When I plotted the route from Linwood to Cheticamp, I forced the GPS to follow the Gulf of St. Lawrence coastal route. Left to its own program algorithms, it would have taken a limited access inland route until it intersected with the Cabot Trail which would take us into Cheticamp. My logic in forcing a route is that it would take us on a more scenic road that would only add a few minutes to the drive. I was right about the scenery but wrong about the route. The lower half of the scenic route is called the Ceilidh Trail (pronounced kay-lee, a Gaelic word for visit). While it was scenic, the road conditions sometimes rivaled the gravel roads we traveled in Alaska… actually, I think the Alaska routes might have been better. I stayed well below the speed limit because I was afraid of having cabinets pop open in the trailer and causing damage to the contents. The Ceilidh Trail ends at the Cabot trail and there the driving was much better. At any rate, nothing was damaged. When I mentioned to the person who registered us at the Cheticamp campground that I took the Ceilidh Trail, his words were, “I’m sorry.” I wish I knew this before we left. I now have serious reservations about taking the trailer over the Cabot Trail through the Highlands on the way to our next stop.
Cheticamp is on the northwest coast of Cape Breton Island, just below the entrance to the Cape Breton Highlands National Park. In the late 1800’s through 1946, it was a busy harbor shipping out gypsum from a local mine. After World War II, the mine was closed and Cheticamp’s primary industries were fishing and agriculture. Today it seems that tourism is now a major industry judging by the campgrounds, hotels, restaurants and other tourist services.

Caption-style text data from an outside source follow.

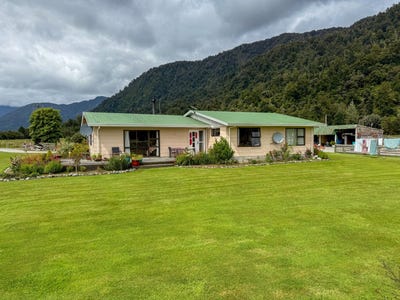 /international/nz/docherty-creek-rd-and-waiho-flat-road-franz-josef-west-coast-320106383536/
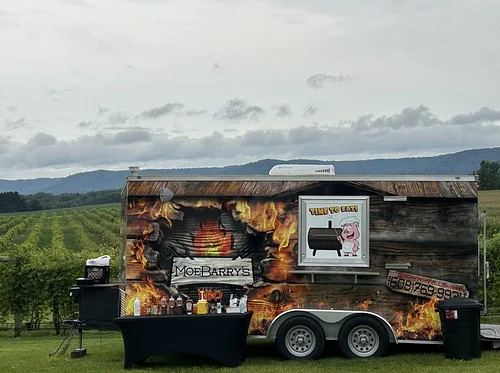 MoeBarry’s Barbecue Food Truck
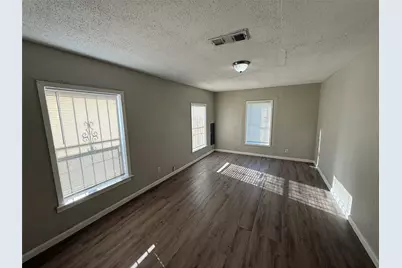 2213 Lea Crest Drive, Dallas, TX 75216 - Photo 5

Our campground is on Cheticamp Island, across a narrow causeway from Cheticamp. The campground is right on the beach. The water at the beach is not as cold as you get on the Atlantic side of Nova Scotia but is still cool to us “southerners.”
After setting up the trailer, we drove into Cheticamp to book a Zodiac Whale Watching tour for tomorrow afternoon and to get some groceries from the local CO-OP store. We booked the tour and walked around town. On the way back we intended to stop at the store only to find out that it had been without power for two days and it was closed. We had passed another, much smaller CO-OP in Grand Etang, a few miles south of the campground, so we headed there to pick up a few items. The store shelves were bare… everybody from Cheticamp drove down here to pick up groceries and the store was running out of everything. While waiting on a long line to pay for our few items at the CO-OP, it was interesting to listen to the people around us. There was a mixture of French and English spoken by the locals. The mixture reminded us of the many times we encountered the same mixture in Louisiana where the Acadians’ cousins, the Cajuns, relocated.